Below we are displaying all rows which have different predicted classes by models "lr != l1", We can see this for all columns in a better way ploting confusion matrix.

In [None]:
y_pred[y_pred['lr']!=y_pred['l1']] 

# Computing error metrics:

We could see in detail the error metrics for the 3 models by using classification report:

In [None]:
from sklearn.metrics import classification_report
print('Classification report for Logistic regression without regularization:')
print(classification_report(y_test,y_pred['lr']))

print('Classification report for Logistic regression with L1(Lasso) regularization:')
print(classification_report(y_test,y_pred['l1']))
    
print('Classification report for Logistic regression with L2(Ridge) regularization:')
print(classification_report(y_test,y_pred['l2']))
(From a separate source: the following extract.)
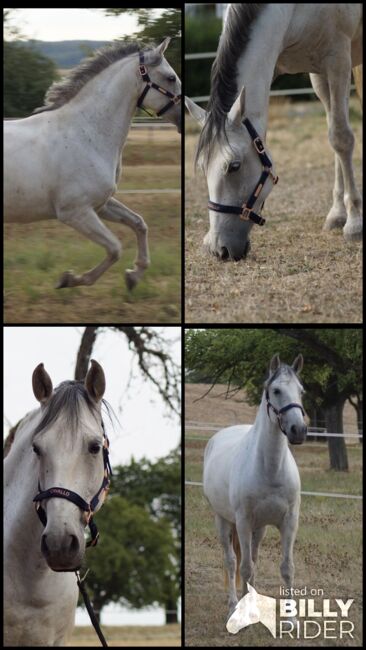 Lusitano Wallach, Shirin Sahin, Horses For Sale, Altenstadt , Image 11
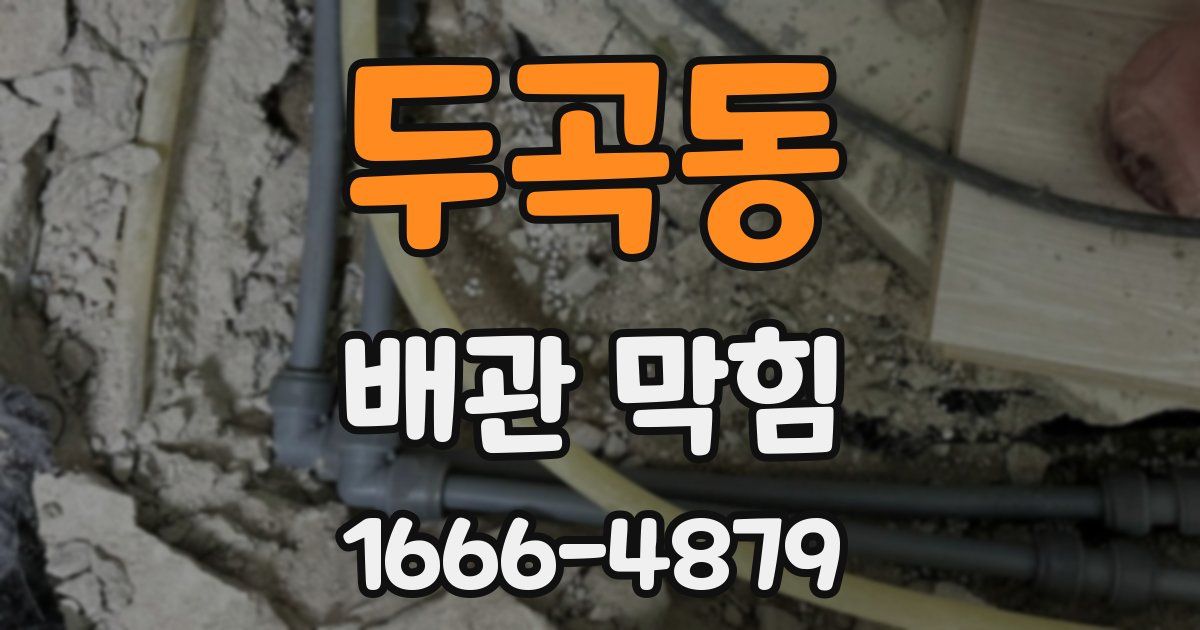 두곡동 배관 막힘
In order to summarize and average the values obtained we will do the following:

In [None]:
from sklearn.metrics import precision_recall_fscore_support as score
from sklearn.metrics import confusion_matrix, accuracy_score, roc_auc_score
from sklearn.preprocessing import label_binarize

metrics = list()
cm = dict()

for lab in coeff_labels:

    # Precision, recall, f-score from the multi-class support function, we will average them because we will have one value per class
    precision, recall, fscore, _ = score(y_test, y_pred[lab], average='weighted')
    
    # The usual way to calculate accuracy
    accuracy = accuracy_score(y_test, y_pred[lab])
    
    # ROC-AUC scores can be calculated by binarizing the data
    auc = roc_auc_score(label_binarize(y_test, classes=[0,1,2,3,4,5]),
              label_binarize(y_pred[lab], classes=[0,1,2,3,4,5]), 
              average='weighted')
    
    # Last, the confusion matrix
    cm[lab] = confusion_matrix(y_test, y_pred[lab])
    
    metrics.append(pd.Series({'precision':precision, 'recall':recall, 
                              'fscore':fscore, 'accuracy':accuracy,
                              'auc':auc}, 
                             name=lab))

metrics = pd.concat(metrics, axis=1)

In [None]:
metrics

**In the table above we don't see a difference statistically significant in the error metrics for the 3 models, even just using the first one (without regularization) we can expect to perform great at predicting the activities**. In order to see a difference a bit more highlighted we could plot their corresponding confusion matrix as following:

# Displaying the confusion matrix for each model:

In [None]:
from sklearn.metrics import confusion_matrix, ConfusionMatrixDisplay

In [None]:
disp = ConfusionMatrixDisplay(confusion_matrix=cm['lr'], display_labels=lr.classes_)
disp.plot(cmap='Blues')

In [None]:
disp = ConfusionMatrixDisplay(confusion_matrix=cm['l1'], display_labels=lr.classes_)
disp.plot(cmap='Blues')

In [None]:
disp = ConfusionMatrixDisplay(confusion_matrix=cm['l2'], display_labels=lr.classes_)
disp.plot(cmap='Blues')

In [None]:
le.inverse_transform([1,2])

We can infer from the 3 confusion matrix that every model has a slight problem at predicting classes 1 and 2, these correspond to activities 'SITTING' and 'STANDING' respectively, we suppose the root of this is due to the similarity in measurement of angles or position.